* _PROVIDED DATA_:

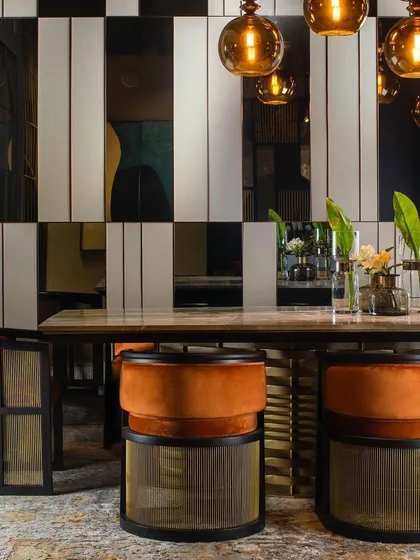 A closer look at our dining chairs, where plush orange velvet upholstery contrasts with a black matt frame and a brass-finished woven metal base. This piece is a study in combining different materials and textures.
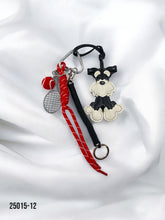 Llavero perrito tenis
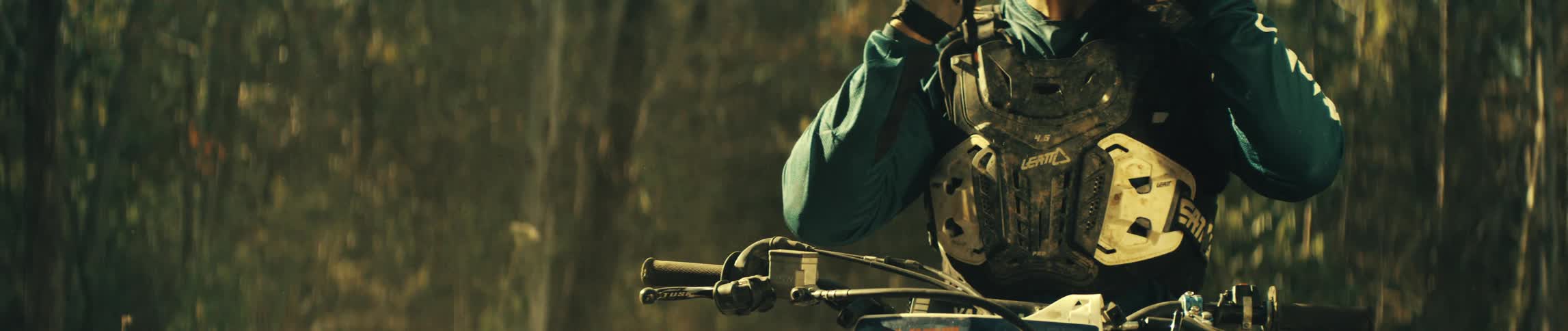 Motorcyclist sits on a motorcycle in the woods on an autumn day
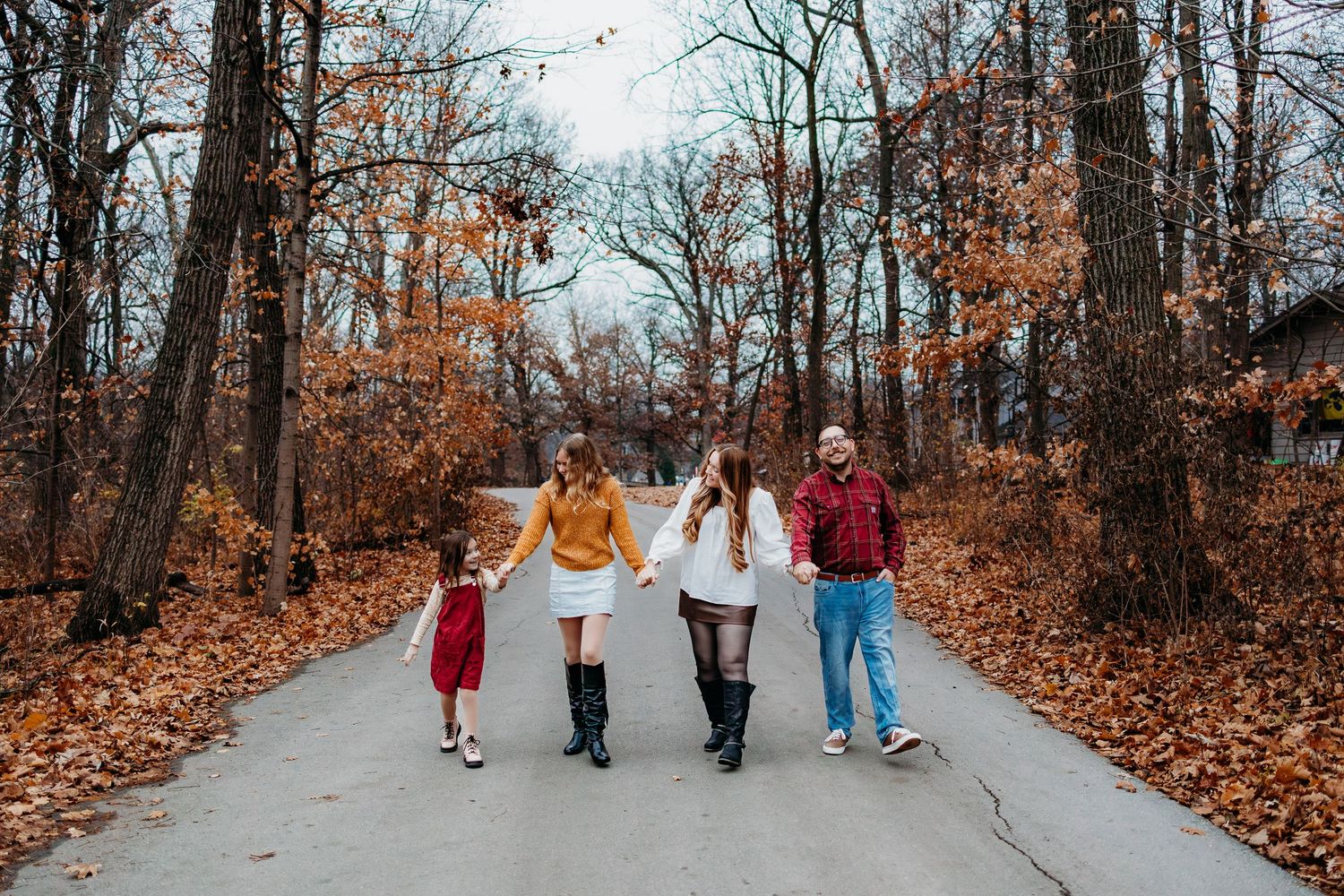 A family of 4 walking together down a path and there leaves on the ground. They are all smiling and laughing.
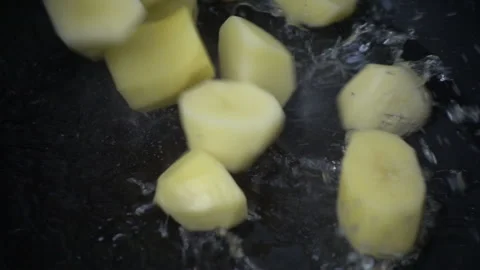 Cooking potatoes in super slow motion Stock Footage 95967378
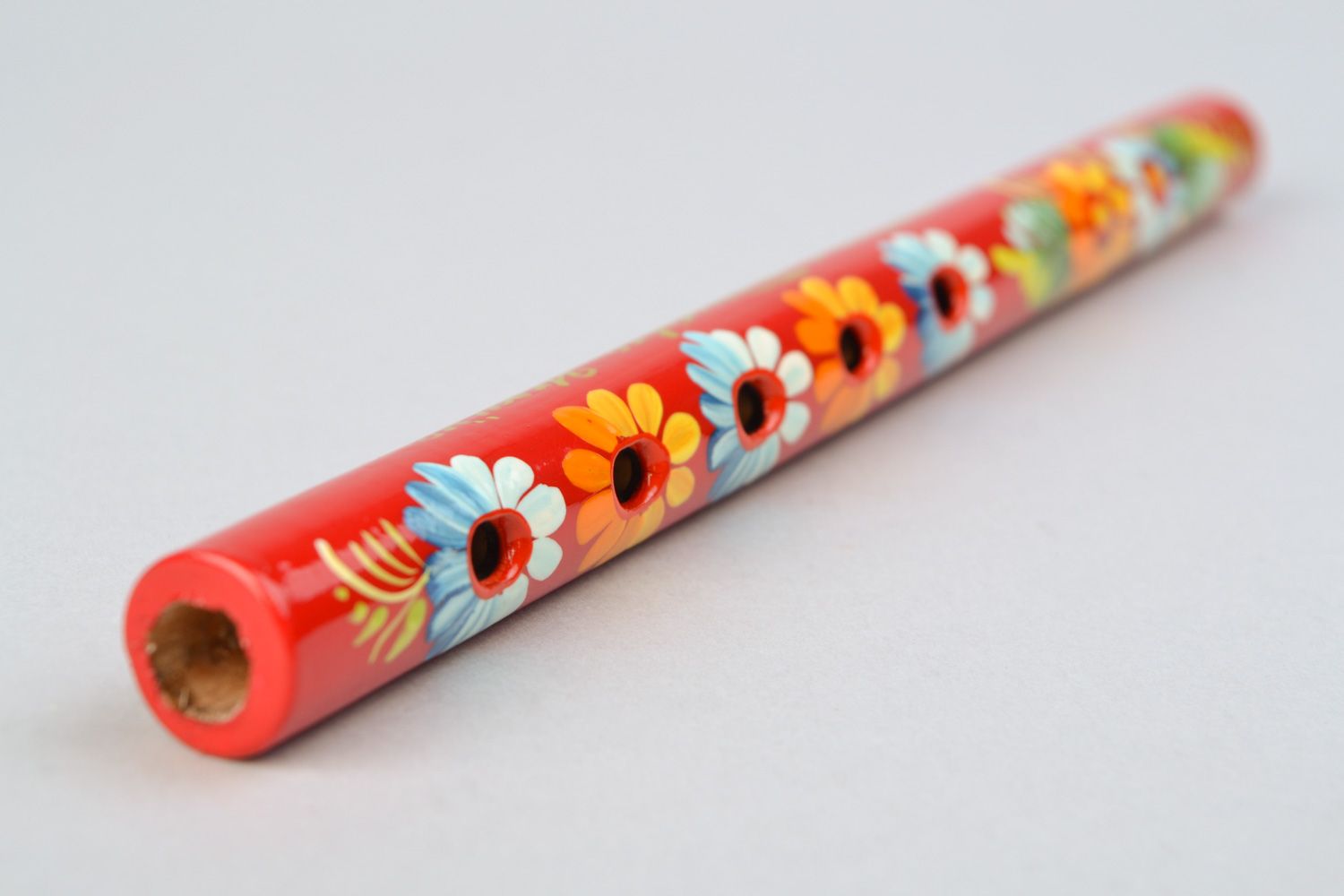 Handmade folk wooden flute with painted with oils in traditional Petrikivka style photo 3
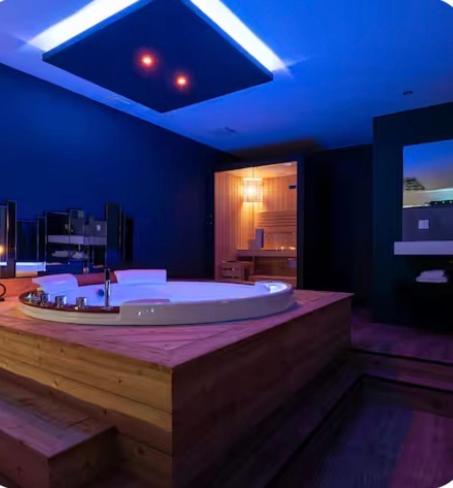 a large bathroom with a large tub with blue lighting at Loveroom Lens in Lens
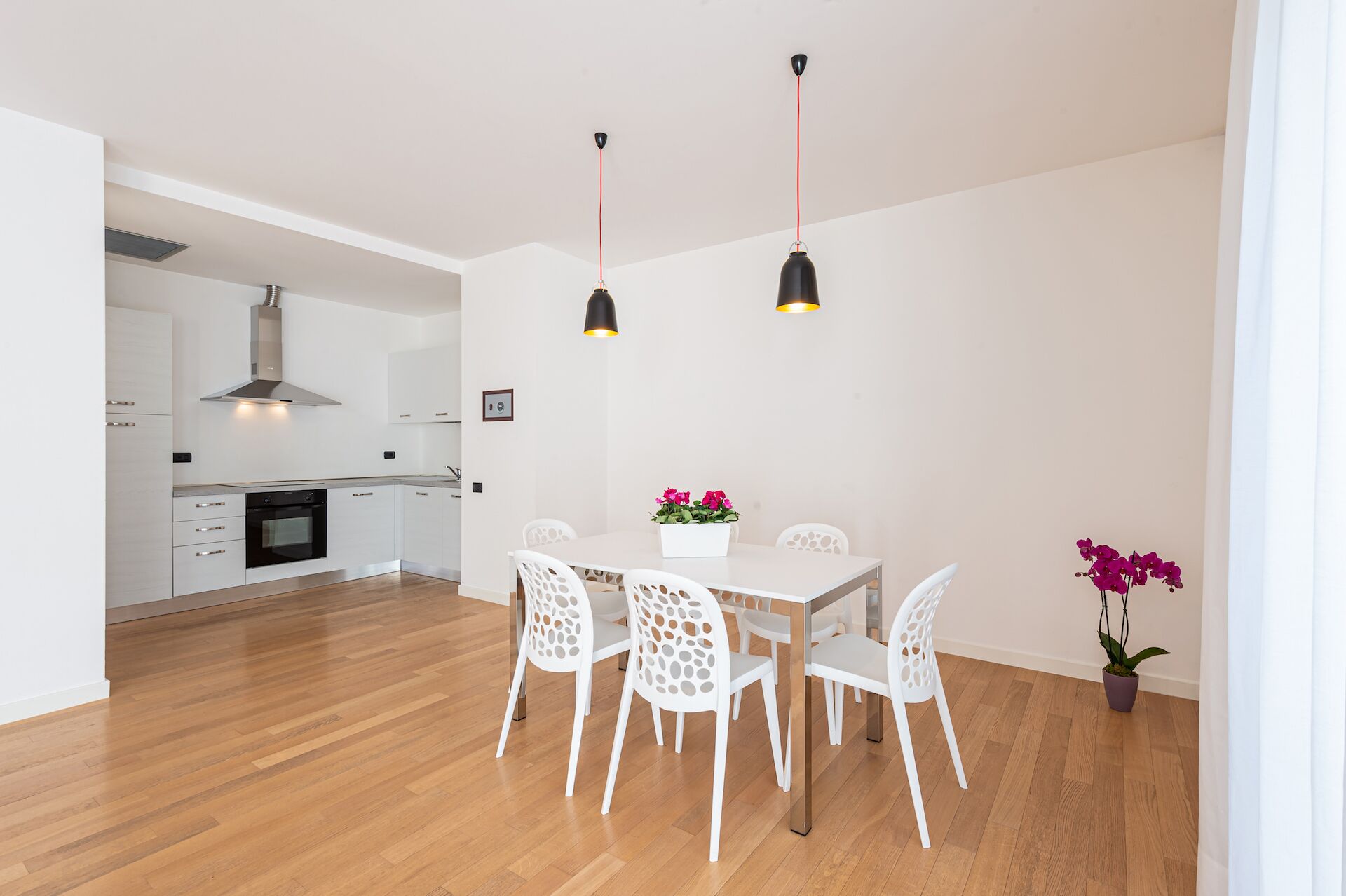 A modern kitchen with white cabinets, a stainless steel range hood, and a dining area with a white table and chairs.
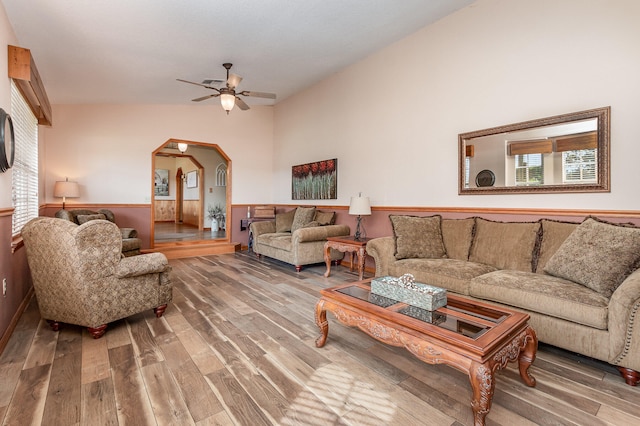 living room with high vaulted ceiling, ceiling fan, and dark hardwood / wood-style flooring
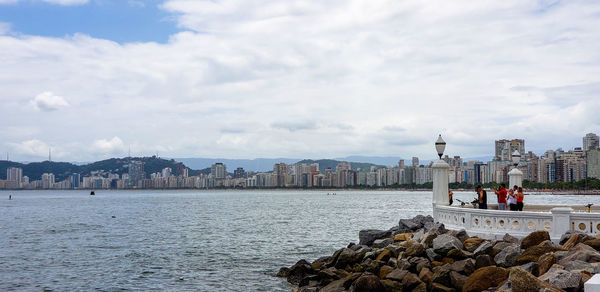 View of buildings by sea against sky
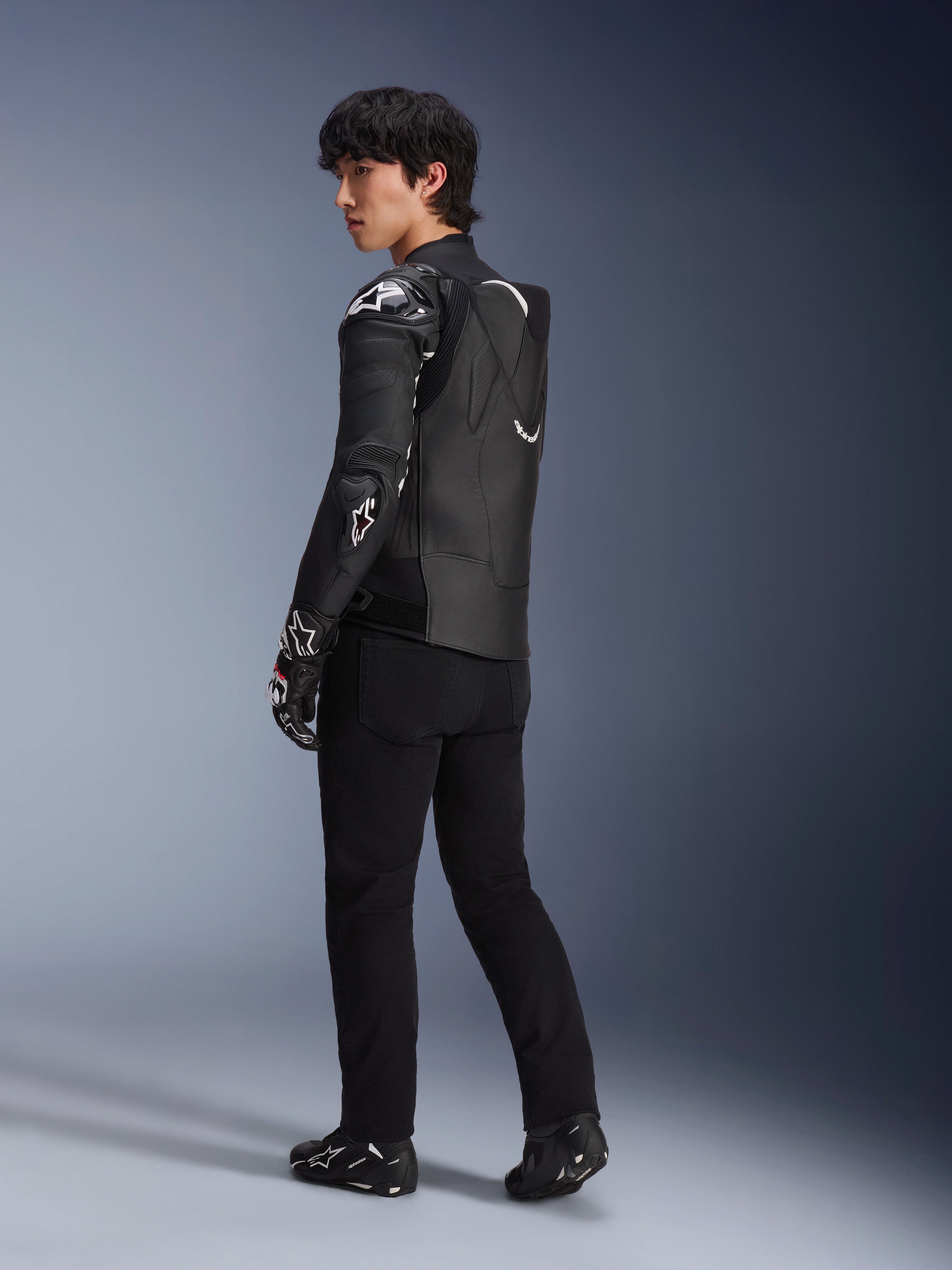 Manlig modell som bär Alpinestars Atem V5 läderjacka i svart och vitt, trekvarts vy bakifrån som visar den aerodynamiska ryggpuckeln och DFS RR-skydd, stylad med svarta byxor, racinghandskar och stövlar, professionell racingutrustning för motorcykel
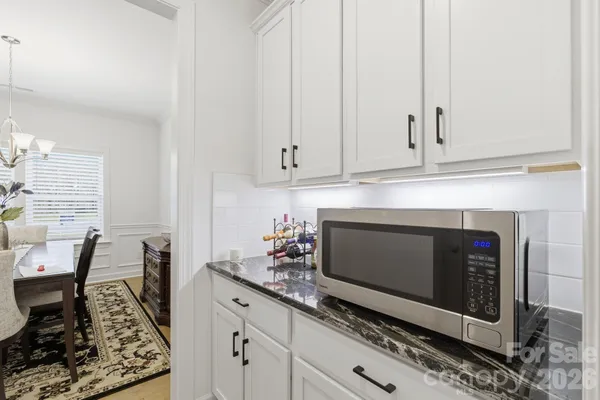 a kitchen with granite countertop white cabinets and white appliances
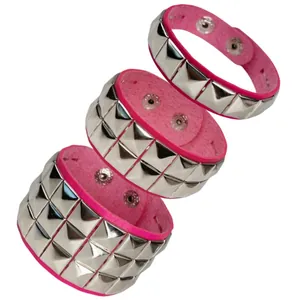 Close-up of pink punk leather bracelets with silver square rivets and snap buttons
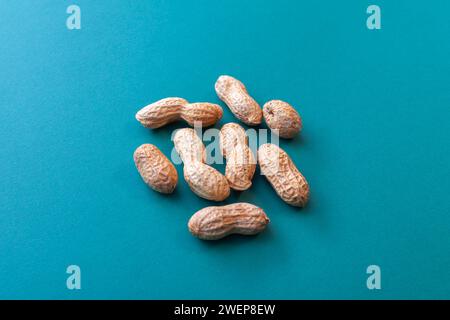 pile of peanuts in pods on green background Stock Photo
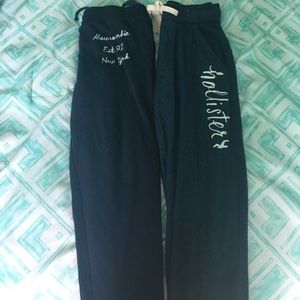 2 pairs of sweatpants. One sweatshirt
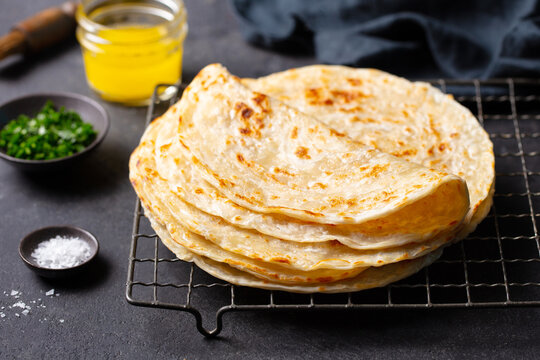 Flaky golden flatbreads cooling on rack, garnished with herbs, salt, and ghee, artisanal food presentation. Dark grey background. Close up.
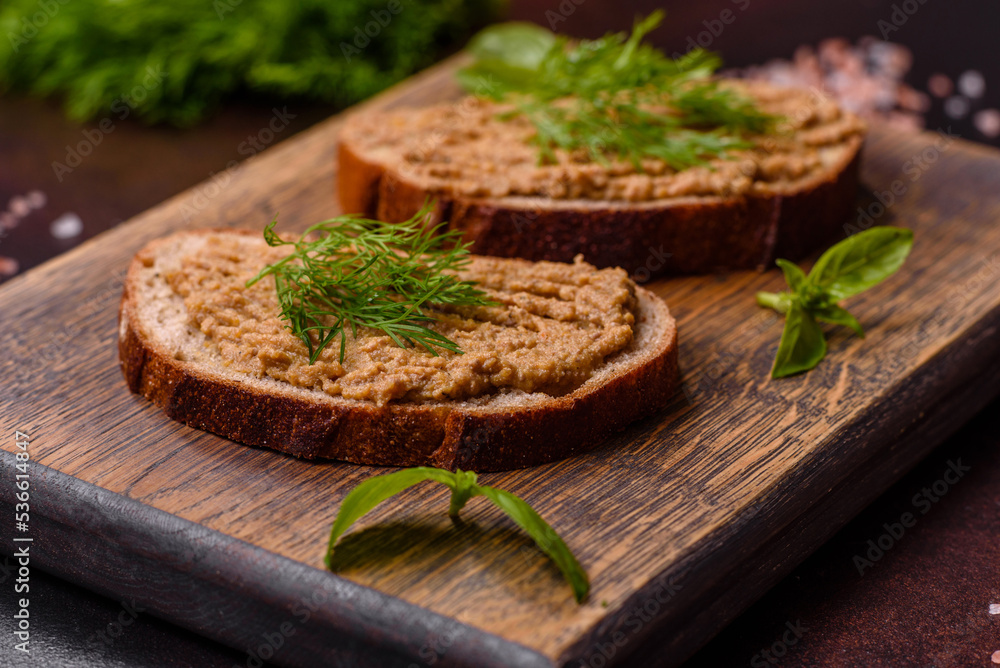 Homemade meat snack liver pate with toast on a dark concrete background Homemade meat snack liver pate with toast on a dark concrete background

* _WHAT YOU WILL DO_:
Please return the lines from the line with "View of buildings by sea against sky" through the last line of the data, both included, exactly, and without pictures.

* _SOLUTION FOR THIS TASK_:
 View of buildings by sea against sky
 Manlig modell som bär Alpinestars Atem V5 läderjacka i svart och vitt, trekvarts vy bakifrån som visar den aerodynamiska ryggpuckeln och DFS RR-skydd, stylad med svarta byxor, racinghandskar och stövlar, professionell racingutrustning för motorcykel
 a kitchen with granite countertop white cabinets and white appliances
 Close-up of pink punk leather bracelets with silver square rivets and snap buttons
 pile of peanuts in pods on green background Stock Photo
 2 pairs of sweatpants. One sweatshirt
 Flaky golden flatbreads cooling on rack, garnished with herbs, salt, and ghee, artisanal food presentation. Dark grey background. Close up.
 Homemade meat snack liver pate with toast on a dark concrete background Homemade meat snack liver pate with toast on a dark concrete background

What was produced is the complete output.